• What is being asked:
Examine each line in the records below for the word "image". Report how many lines contain it, and nothing else.

• Data for review:
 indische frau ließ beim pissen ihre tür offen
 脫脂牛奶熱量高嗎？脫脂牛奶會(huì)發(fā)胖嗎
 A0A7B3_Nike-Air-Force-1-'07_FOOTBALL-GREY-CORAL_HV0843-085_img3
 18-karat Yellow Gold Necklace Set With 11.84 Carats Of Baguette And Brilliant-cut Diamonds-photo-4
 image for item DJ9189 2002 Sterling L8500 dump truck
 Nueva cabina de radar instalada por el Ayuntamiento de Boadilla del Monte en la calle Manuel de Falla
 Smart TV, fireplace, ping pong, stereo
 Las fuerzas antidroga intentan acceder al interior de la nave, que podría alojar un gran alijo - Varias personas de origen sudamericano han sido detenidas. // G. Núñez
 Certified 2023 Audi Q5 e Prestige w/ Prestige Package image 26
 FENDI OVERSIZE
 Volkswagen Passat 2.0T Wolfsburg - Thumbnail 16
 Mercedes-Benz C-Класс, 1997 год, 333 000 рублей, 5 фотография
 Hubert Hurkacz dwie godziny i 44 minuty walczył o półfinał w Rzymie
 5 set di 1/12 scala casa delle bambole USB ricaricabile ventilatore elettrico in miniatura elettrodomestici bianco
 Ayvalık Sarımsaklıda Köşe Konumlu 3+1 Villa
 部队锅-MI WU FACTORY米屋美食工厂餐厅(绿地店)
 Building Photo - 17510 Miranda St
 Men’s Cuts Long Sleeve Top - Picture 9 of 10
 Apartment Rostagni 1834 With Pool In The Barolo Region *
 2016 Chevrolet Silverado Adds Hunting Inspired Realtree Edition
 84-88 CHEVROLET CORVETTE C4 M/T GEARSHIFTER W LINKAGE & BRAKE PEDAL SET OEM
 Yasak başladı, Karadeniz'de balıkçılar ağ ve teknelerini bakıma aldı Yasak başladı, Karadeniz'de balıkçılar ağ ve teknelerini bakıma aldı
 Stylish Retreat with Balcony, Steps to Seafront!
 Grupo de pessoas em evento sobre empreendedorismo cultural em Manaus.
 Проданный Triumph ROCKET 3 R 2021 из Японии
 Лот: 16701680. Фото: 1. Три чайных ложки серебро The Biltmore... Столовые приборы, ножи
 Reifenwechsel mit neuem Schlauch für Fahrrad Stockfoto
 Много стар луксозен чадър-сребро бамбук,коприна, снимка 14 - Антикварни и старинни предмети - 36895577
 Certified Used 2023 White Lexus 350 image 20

• Your response:
3